Life cycle perspectives: Adjusting for age effects in cross sections, demographic change, and savings in China


"Saving and Bequest in China: An Analysis of Intergenerational Exchange" (with Eleonora Freddi and Øystein Thøgersen), manuscript.

Households’ savings rates in China are tremendously high. In particular young and old households save significantly and substantially more than the same generations in European countries and the United States. This project first establishes, using micro data, that both the urban and the rural households have u-shaped savings-age profiles - previous literature has established this only for urban households. Second, we have conducted a survey questioning elderly about their levels of savings, inter-generational transfers and saving motives. We find that elderly in China hold substantial amounts of wealth intended for future downward intergenerational transfers. We calculate that the respondents on average transfer more than 6 times their yearly net income, even when excluding the value of any real estate that parents intend to leave to their children. Furthermore, we reject the hypothesis of a pure altruistic motive for intergenerational transfers as we find some support for strategic concerns.

"Older or Wealthier? The Impact of Age Adjustments on Wealth Inequality Ranking of Countries" (with M. Mogstad), The Scandinavian Journal of Economics, 114(1), 24-54, 2012.

Differences in individual wealth holdings are widely viewed as a driving force of economic inequality. However, as this finding relies on cross-section data, we may confuse older with wealthier. We propose a new method to adjust for age effects in cross-sections, which eliminates transitory wealth inequality due to age, yet preserves inequality arising from other factors. We discuss the reasons why our new method is superior to existing methods, like the much used Paglin-Gini. A new cross-country comparable database reveals that the choice of method is empirically important: Existing methods produce erroneous wealth inequality rankings of countries.
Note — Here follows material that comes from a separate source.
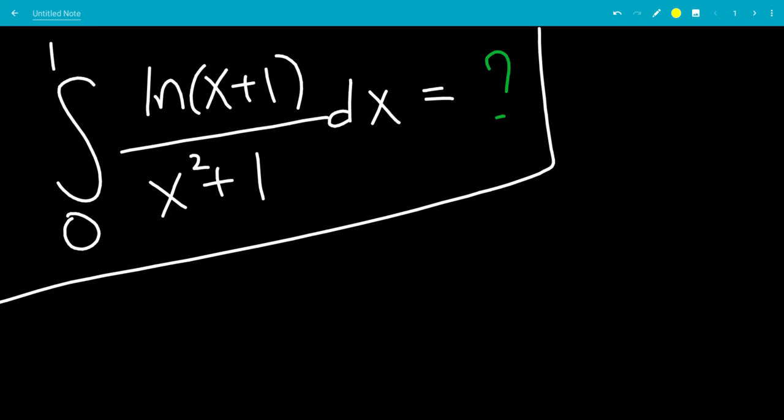In this video, we'll do the integral from 0 to 1 of ln of (x + 1) all over x squared plus 1. Don't forget to subscribe and turn on notifications so you don't miss a video.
"Adjusting for Age Effects in Cross-sectional Distributions" (with T. Havnes and M. Mogstad), Stata Journal, 12(1), 393-405, 2012.

We describe the adjusted Gini index (Alm ̊as and Mogstad, 2012), which is a generalization of the classical Gini index with attractive properties, and we describe the adgini command, which provides the adjusted Gini index and the classical Gini index. The adgini command also provides options to produce other well-known age-adjusted inequality measures, such as the Paglin-Gini (Paglin, 1975) and the Wertz-Gini (Wertz, 1979), and provides efficient estimation of the classical Gini coefficient.
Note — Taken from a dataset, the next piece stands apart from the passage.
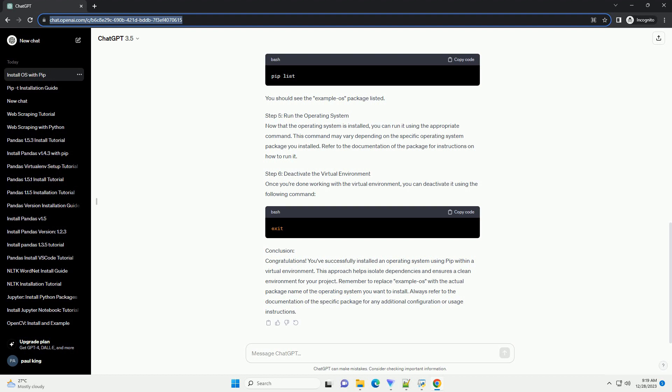Conclusion: Congratulations! You've successfully installed an operating system using PIP within a virtual environment. This approach helps isolate dependencies and ensures a clean environment for your project.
"Baby Booming Inequality? Demographic Change and Inequality in Norway, 1967-2004" (with T. Havnes and M. Mogstad), Journal of Economic Inequality, 9, 629-650, 2011.
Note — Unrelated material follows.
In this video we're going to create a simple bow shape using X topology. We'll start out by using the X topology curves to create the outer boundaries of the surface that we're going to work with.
We demonstrate how age-adjusted inequality measures can be used to evaluate whether changes in inequality over time are because of changes in the age structure. In particular, we explore the hypothesis that the substantial rise in earnings inequality since the early 1980s is driven by the large baby boom cohorts approaching the peak of the age-earnings profile. Using administrative data on earnings for every Norwegian male over the period 1967-2004, we find that the impact of age adjustments on the trend in inequality is highly sensitive to the method used: while the most widely used age-adjusted inequality measure indicates that the rise in inequality in the 1980s and 1990s is indeed driven partly by the baby boom, a new and improved age-adjusted measure indicates the opposite, namely that the rise in inequality was even larger than what the inequality measures unadjusted for age reveal.